In Faison, the People moved to dismiss an unclassified misdemeanor charge of Vehicle and Traffic Law § 511 (1) (a), and add the traffic infraction of Vehicle and Traffic Law § 509 to the docket. Judge Webber ruled that even if the People were allowed to make such an amendment, the People do not have “an infinite period in which to prosecute . . . the People are bound by the speedy trial time in effect at defendant’s arraignment.” (171 Misc 2d at 72.)2

In Matute (supra), Judge Obus came to a similar conclusion when the People attempted to dismiss the unclassified misde*205meanors of Vehicle and Traffic Law § 1192 (2) and § 1192 (3) and retain the Vehicle and Traffic Law § 1192 (1) infraction;

“[t]o permit the reduced charges to govern in this context would not limit the People’s allotted preparation time, but would completely remove the prosecution from the requirements of the statute . . . [such a result] would undermine the defendant’s legitimate expectation ... of a speedy disposition of this matter. And it would increase the potential for unfair manipulation” (141 Misc 2d at 992).

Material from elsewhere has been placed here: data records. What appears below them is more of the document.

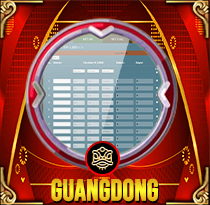 PREDIKSI TOGEL GUANGDONG 23 NOV 2025 MAMATOGEL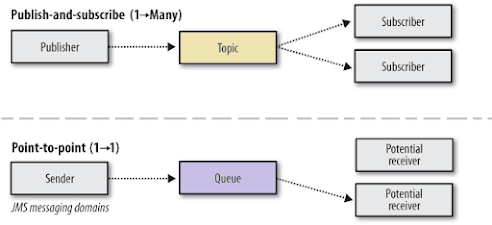 What is the difference between Topic and Queue in JMS?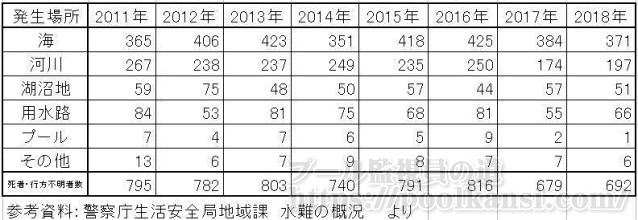 ����ł̎��ҍs���s���҂̔����ꏊ�ʌ����i�N�ԁj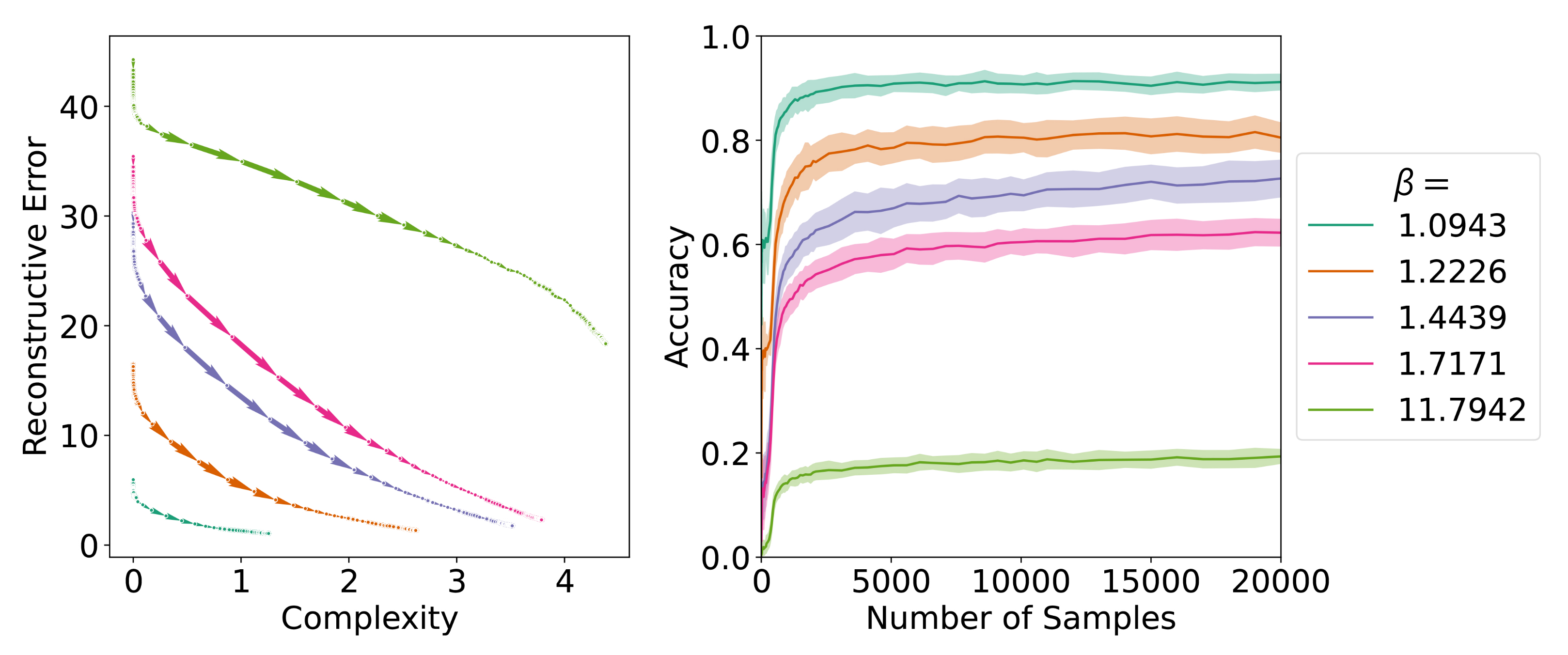 Entropy 24 01542 g012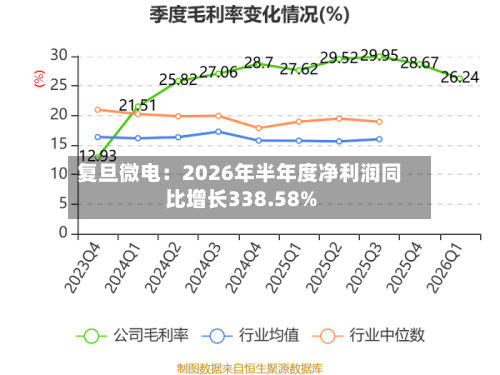 复旦微电：2026年半年度净利润同比增长338.58%-第1张图片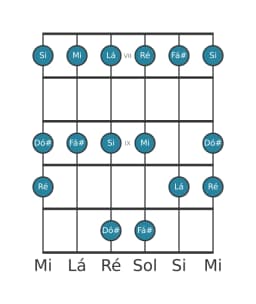 Escala de guitarra para Mi Piongio na posição 6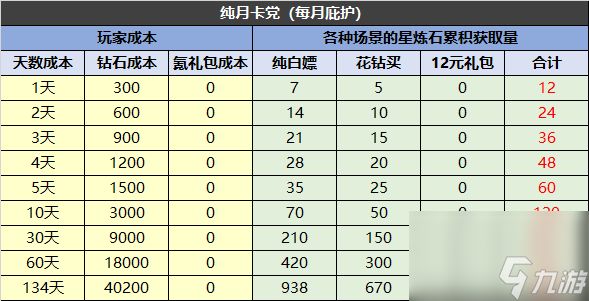 《冒险大幻想》星宫试炼玩法思路详解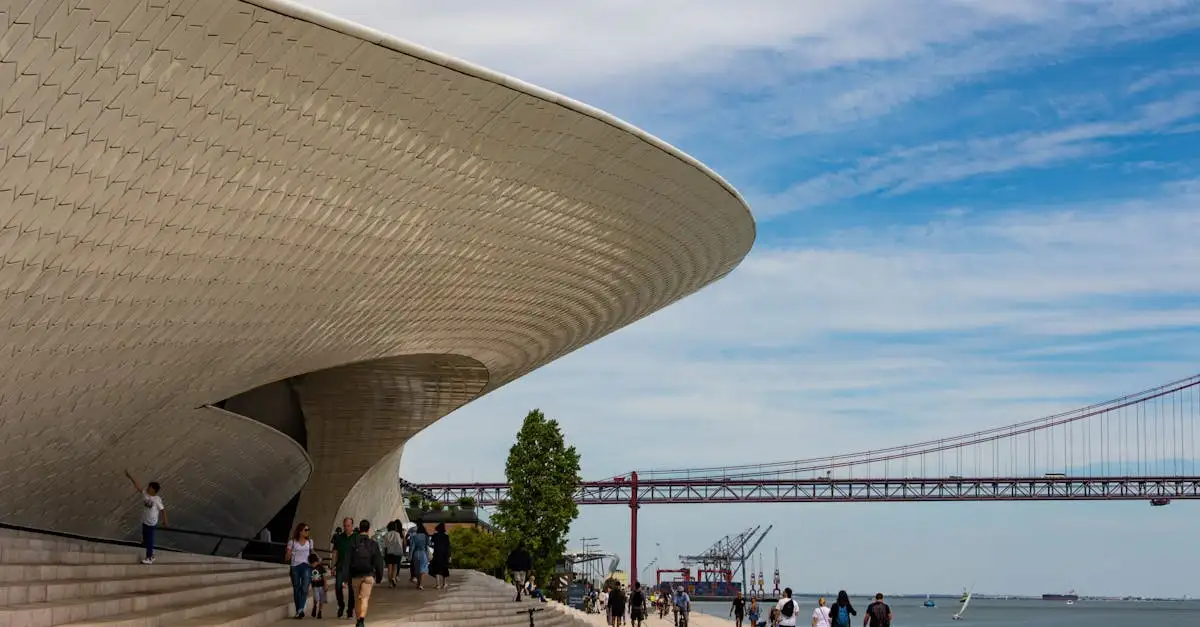 Onde fica o Museu de Ciência e Tecnologia de Xangai?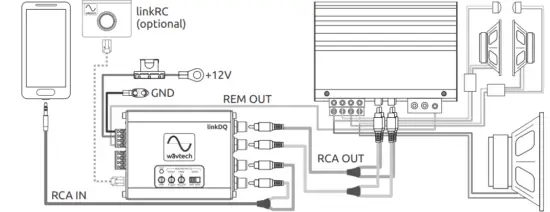 wavtech LINKDQ 2 Channel Line Output Converter - System Examples 4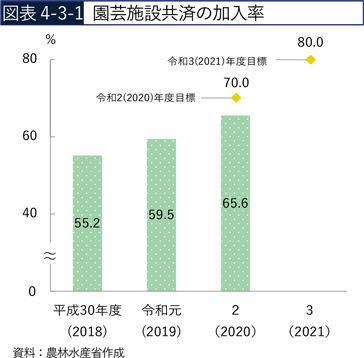 図表4-3-1　園芸施設共済の加入率
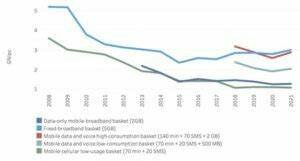 Renta nacional bruta (RNB) per cápita.
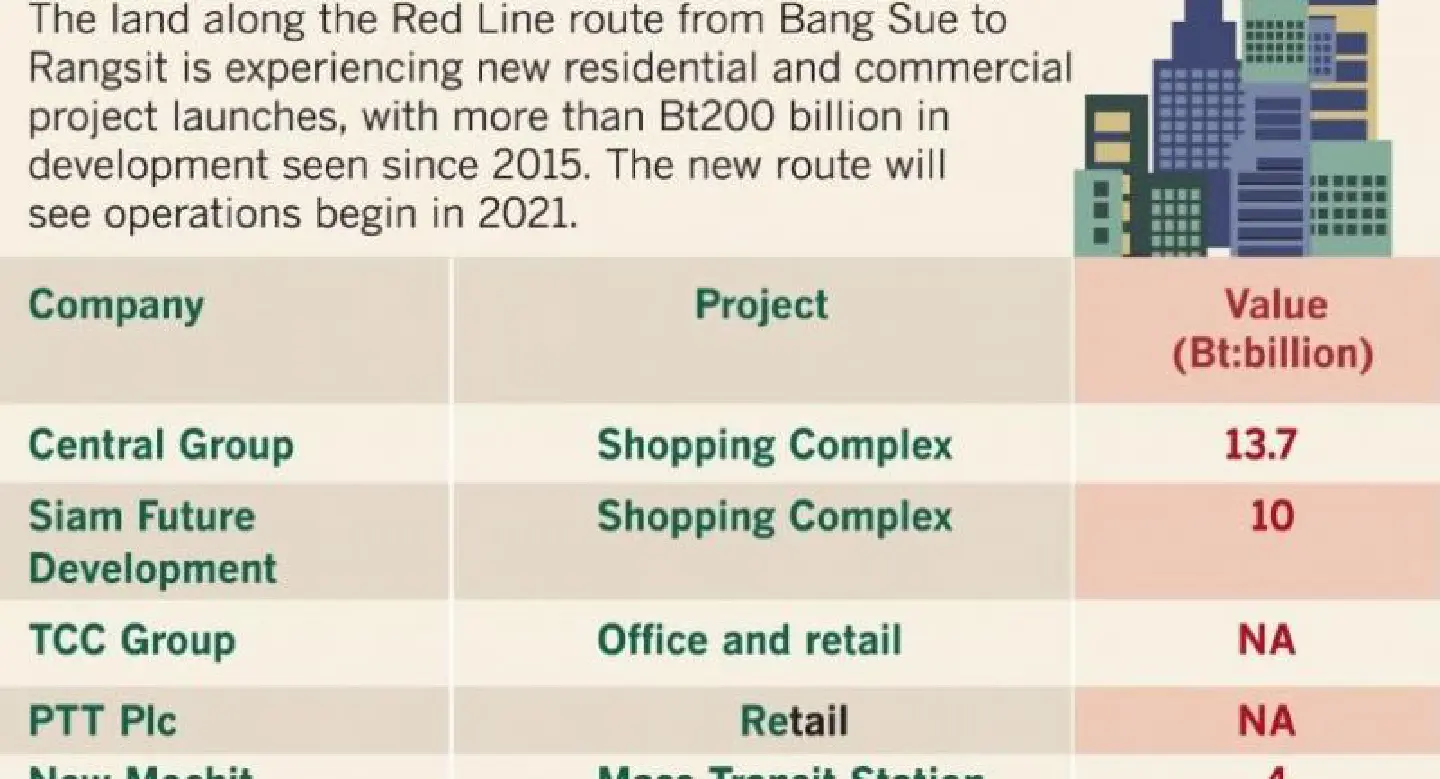 Boom continues along RED LINE ROUTE Boom continues along RED LINE ROUTE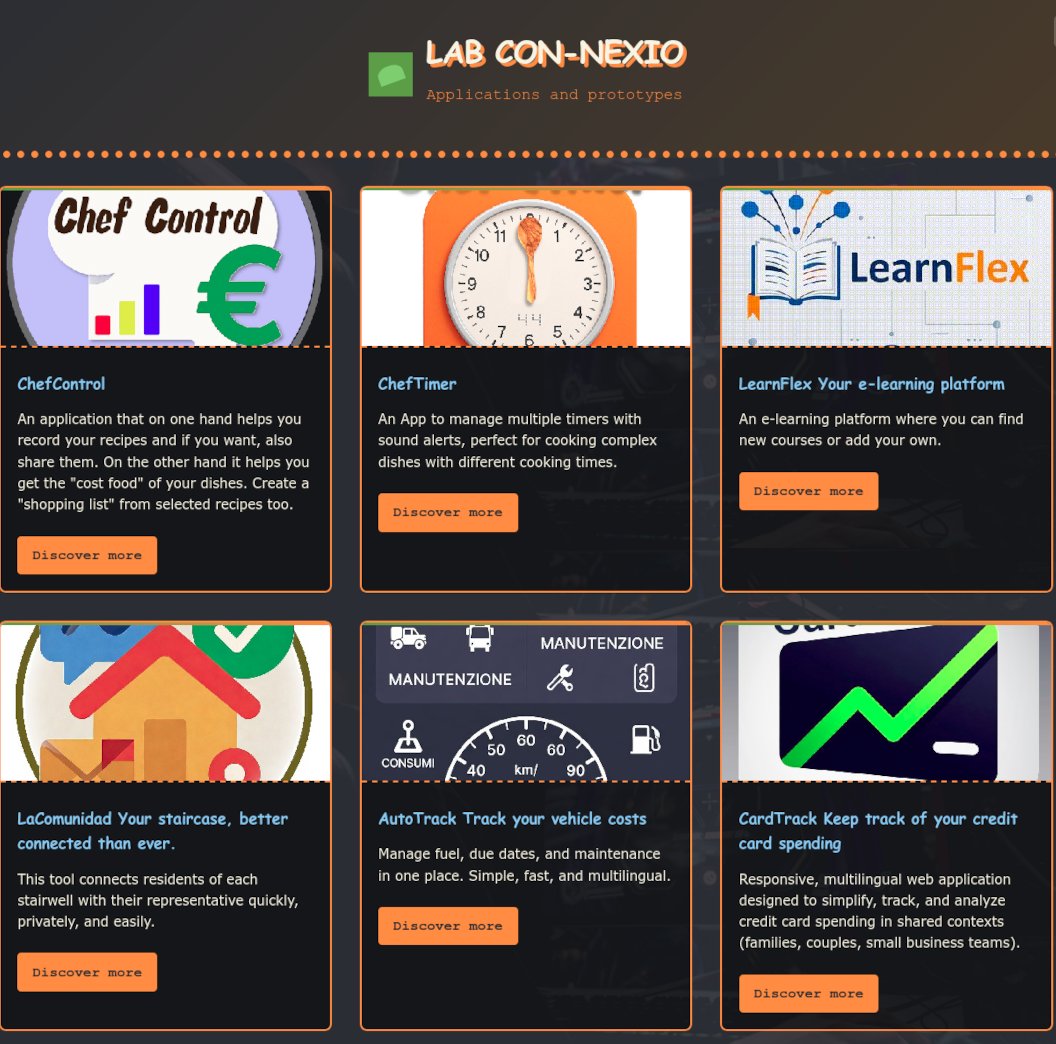 con-nexio lab preview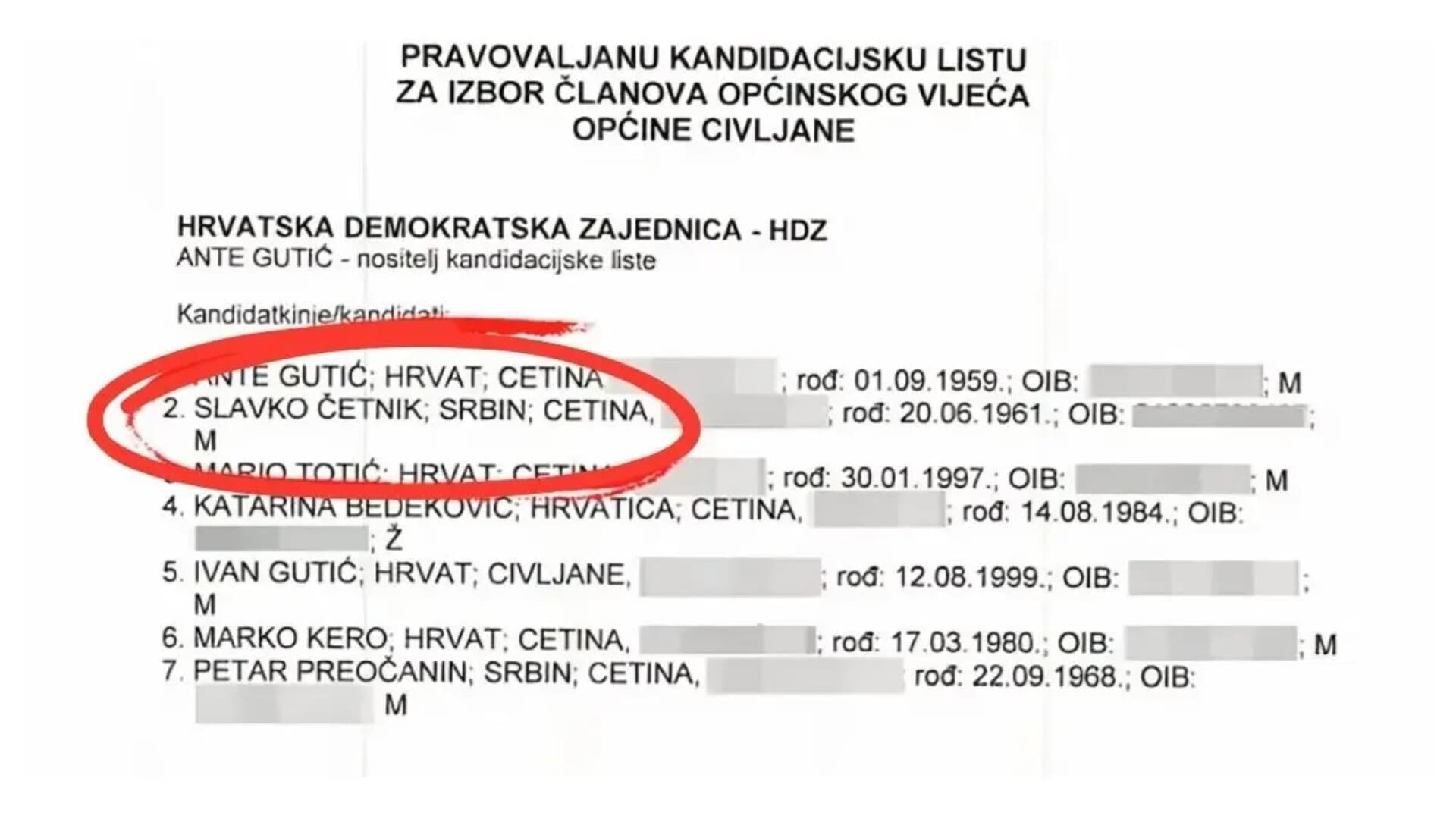 Hrvatska: Slavko Četnik na listi HDZ-a - slika 1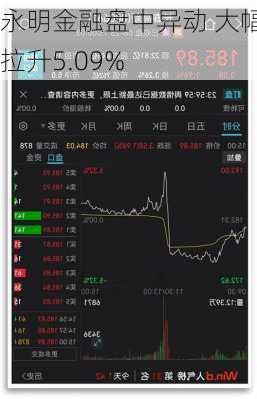 永明金融盘中异动 大幅拉升5.09%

Thus, as in Matute, even if the People here dismiss the misdemeanor charge, for whatever reason, and retain the traffic infraction, the 90-day limitation period of the higher charge applies to the entire docket. In many cases, this would mean the entire matter is dismissed, particularly where the People have never converted the criminal court complaint to an information. In this case, however, the court has found that the People are only charged with 63 days.

Therefore, since the People’s 90-day period has not yet expired, the defendant’s July 11, 2005 motion to dismiss the remaining count of Vehicle and Traffic Law § 1192 (1) is denied.

All other arguments advanced by defendant have been reviewed and rejected by this court as being without merit.

. It is well settled that postreadiness, the People are to be charged only with the amount of time they request. (See, People ex rel. Sykes v Mitchell, 184 AD2d 466 [1st Dept 1992]; People v Urraea, 214 AD2d 378 [1st Dept 1995].)

. Judge Webber also adopted the Fisher 60-day constitutional speedy trial time for lesser included traffic infractions. (171 Misc 2d at 71.)